Finde ich eine recht unglückliche Überschrift, der Artikel selbst ist dann doch ausgewogener. Denn es werden hier nicht Behörden rechtsmissbräuchlich überschwemmt/missbraucht (Ausnahmen bestätigen die Regel), wie die Wortwahl suggeriert. Sondern es gibt vielen Leuten, die aus völlig unterschiedlichen Gründen bislang überhaupt nicht in der Lage waren, ihre eigenen Interessen EFFEKTIV wahrzunehmen, sei es aus:

-mangelnden Sprachkenntnissen
-mangelnden Rechtskenntnissen
-sozialen Hemmungen
-körperlichen oder geistigen Problemen
-zu arm für den Gang zum Anwalt (Trotz Beratungshilfe und PKH)
-einer Kombination aus allem

endlich mal die Gelegenheit, sich selber gegen strukturelle Fehler zu wehren.

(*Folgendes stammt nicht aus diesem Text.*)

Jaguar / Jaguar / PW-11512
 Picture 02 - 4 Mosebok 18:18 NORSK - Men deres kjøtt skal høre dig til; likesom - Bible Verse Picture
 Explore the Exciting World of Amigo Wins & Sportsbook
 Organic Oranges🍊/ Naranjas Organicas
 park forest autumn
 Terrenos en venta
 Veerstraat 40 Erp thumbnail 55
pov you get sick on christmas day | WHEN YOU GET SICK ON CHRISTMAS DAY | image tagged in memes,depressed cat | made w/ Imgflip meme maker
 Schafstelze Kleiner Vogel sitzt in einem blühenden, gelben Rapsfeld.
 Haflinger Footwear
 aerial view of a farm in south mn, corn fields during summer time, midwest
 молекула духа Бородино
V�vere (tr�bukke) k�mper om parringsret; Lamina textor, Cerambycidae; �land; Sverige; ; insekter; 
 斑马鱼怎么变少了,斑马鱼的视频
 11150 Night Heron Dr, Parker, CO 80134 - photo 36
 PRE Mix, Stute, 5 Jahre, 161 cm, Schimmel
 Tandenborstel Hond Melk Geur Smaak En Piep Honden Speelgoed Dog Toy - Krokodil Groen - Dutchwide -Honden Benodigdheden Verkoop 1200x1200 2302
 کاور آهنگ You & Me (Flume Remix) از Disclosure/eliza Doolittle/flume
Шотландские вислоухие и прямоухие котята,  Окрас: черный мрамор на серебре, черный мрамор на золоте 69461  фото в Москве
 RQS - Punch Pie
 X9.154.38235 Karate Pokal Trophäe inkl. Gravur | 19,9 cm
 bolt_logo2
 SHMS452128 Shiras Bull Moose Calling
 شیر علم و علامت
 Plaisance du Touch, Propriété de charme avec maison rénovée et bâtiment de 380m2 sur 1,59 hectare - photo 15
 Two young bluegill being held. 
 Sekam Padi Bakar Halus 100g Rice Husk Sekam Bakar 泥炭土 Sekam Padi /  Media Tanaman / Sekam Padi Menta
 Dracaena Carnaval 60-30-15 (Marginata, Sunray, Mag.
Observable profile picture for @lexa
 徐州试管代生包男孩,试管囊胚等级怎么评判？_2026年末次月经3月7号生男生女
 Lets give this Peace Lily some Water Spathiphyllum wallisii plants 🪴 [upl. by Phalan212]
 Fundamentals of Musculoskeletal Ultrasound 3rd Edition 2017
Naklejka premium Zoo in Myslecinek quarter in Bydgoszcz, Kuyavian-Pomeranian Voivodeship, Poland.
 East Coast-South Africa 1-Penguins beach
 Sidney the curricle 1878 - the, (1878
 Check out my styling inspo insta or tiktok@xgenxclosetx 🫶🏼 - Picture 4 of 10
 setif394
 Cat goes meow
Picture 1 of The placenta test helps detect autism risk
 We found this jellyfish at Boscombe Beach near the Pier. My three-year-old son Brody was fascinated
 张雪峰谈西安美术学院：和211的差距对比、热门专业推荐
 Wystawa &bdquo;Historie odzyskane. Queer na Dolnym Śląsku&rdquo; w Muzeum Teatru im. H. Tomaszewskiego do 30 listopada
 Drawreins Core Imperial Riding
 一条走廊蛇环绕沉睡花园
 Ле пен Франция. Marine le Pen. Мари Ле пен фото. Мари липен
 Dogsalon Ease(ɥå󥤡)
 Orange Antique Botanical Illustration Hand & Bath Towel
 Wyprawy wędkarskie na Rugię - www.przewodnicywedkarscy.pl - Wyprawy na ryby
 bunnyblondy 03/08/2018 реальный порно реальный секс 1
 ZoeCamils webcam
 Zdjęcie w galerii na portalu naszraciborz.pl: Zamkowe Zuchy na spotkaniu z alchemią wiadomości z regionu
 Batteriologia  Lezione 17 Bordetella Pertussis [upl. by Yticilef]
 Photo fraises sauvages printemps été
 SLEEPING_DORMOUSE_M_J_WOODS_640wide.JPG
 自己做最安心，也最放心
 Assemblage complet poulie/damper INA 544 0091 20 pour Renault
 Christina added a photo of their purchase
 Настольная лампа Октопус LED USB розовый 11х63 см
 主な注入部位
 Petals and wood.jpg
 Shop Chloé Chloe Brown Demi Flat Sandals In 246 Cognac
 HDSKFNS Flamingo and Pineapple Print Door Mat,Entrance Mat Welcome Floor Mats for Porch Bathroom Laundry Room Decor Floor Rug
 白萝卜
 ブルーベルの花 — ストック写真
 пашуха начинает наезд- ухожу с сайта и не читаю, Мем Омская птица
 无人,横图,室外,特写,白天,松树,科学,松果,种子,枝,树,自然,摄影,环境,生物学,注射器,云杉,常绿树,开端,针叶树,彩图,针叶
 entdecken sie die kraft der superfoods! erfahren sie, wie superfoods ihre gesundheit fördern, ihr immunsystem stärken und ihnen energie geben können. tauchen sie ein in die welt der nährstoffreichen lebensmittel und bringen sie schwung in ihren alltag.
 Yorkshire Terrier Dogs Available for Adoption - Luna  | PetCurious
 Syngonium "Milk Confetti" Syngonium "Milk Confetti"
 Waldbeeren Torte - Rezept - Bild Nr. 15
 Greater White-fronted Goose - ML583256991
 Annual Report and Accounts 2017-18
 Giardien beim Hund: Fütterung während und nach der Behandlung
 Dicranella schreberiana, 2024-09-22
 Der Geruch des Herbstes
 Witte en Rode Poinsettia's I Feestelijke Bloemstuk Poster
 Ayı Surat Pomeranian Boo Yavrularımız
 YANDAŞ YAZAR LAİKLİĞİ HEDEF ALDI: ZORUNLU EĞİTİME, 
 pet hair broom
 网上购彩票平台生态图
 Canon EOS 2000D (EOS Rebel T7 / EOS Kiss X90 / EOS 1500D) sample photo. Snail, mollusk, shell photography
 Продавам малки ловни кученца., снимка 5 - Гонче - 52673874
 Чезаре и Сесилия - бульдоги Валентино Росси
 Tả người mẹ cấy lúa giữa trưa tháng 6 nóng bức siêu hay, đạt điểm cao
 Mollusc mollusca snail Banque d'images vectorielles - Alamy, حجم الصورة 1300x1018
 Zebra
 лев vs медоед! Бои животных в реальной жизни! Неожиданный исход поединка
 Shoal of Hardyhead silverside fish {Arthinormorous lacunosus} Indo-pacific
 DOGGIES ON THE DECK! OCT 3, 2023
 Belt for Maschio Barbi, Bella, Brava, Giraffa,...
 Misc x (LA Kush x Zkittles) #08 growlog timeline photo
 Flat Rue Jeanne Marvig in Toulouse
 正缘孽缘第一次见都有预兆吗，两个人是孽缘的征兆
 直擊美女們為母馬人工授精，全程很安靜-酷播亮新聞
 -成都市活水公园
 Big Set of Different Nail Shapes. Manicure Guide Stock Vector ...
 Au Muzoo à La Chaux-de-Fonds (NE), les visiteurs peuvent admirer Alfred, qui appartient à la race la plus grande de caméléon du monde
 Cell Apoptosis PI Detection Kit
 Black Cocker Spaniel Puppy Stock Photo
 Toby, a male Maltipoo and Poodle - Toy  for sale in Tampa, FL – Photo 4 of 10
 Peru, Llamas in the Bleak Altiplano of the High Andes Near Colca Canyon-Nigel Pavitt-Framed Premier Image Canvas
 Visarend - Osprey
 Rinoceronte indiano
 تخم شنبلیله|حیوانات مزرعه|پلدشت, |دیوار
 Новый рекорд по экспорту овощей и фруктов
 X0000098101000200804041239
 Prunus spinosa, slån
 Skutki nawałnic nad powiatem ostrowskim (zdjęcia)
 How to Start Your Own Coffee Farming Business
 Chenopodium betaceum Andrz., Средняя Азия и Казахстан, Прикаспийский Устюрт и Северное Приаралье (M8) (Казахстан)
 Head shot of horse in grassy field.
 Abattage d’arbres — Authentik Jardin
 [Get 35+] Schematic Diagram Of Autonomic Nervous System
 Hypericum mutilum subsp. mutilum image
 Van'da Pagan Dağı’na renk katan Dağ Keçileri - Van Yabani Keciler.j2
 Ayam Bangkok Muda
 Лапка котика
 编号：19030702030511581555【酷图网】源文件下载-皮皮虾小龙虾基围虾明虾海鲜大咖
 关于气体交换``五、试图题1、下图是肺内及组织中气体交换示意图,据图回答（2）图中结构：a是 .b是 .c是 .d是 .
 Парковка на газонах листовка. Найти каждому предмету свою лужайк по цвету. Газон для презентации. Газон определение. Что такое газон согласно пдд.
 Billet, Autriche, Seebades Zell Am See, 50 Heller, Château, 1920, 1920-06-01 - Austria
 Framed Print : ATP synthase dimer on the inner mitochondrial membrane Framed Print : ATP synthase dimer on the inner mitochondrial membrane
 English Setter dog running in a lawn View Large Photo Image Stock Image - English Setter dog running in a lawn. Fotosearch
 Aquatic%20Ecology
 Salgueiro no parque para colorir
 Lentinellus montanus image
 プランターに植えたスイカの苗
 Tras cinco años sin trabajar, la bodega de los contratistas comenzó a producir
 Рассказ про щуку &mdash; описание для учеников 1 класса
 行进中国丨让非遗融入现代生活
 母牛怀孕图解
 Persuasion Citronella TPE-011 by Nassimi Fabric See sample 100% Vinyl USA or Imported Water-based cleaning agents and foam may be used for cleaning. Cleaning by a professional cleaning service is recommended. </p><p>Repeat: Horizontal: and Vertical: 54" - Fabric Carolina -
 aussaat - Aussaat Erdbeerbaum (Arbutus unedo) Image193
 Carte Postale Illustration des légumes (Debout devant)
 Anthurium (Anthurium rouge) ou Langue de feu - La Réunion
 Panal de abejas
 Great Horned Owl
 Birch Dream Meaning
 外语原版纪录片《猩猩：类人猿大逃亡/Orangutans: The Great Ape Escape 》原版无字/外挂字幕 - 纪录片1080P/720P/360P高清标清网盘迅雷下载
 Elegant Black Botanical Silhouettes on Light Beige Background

Im Bericht wird erstaunlich nebenbei erwähnt, dass ein Viertel aller Entscheidungen der JC rechtswidrig, d.h. illegal sind. Als ich noch im Bereich Sozialrecht praktiziert habe, lag die Erfolgsquote bei "meinem" zuständigen Sozialgericht im westlichen NRW insgesamt bei über einem Drittel. Kann sich ja jeder denken, was das über eine Behörde aussagt, wenn so ein hoher Anteil an Entscheidungen (über die Dunkelziffer und den insgesamt dadurch angerichteten gesellschaftlichen Schaden müssen wir nicht reden) gegen die deutsche Rechtsordnung verstößt. Das war leider schon vor über 20 Jahren ein sozialpolitischer Skandal, an dem sich kaum was gebessert hat.

Dass da im Zweifel keine wirklich qualitativ tollen Einsprüche/Widersprüche bei rauskommen, dürfte klar sein. Aber hier sorgen die KIs zumindest dafür, dass sich das Machtgefälle zwischen den im Zweifel deutlich benachteiligten Bürgern und Vater Staat zumindest etwas angleicht.
Wie man hier mehrfach lesen konnte, halte ich von KI grundsätzlich nicht viel. Solange es aber der Durchsetzung solcher verfassungsrechtlicher "Kleinigkeiten" wie "Deutschland ist ein (...) sozialer Bundesstaat" oder der Rechtsweggarantie dient, ist das ein Effekt, den ich durchaus begrüße!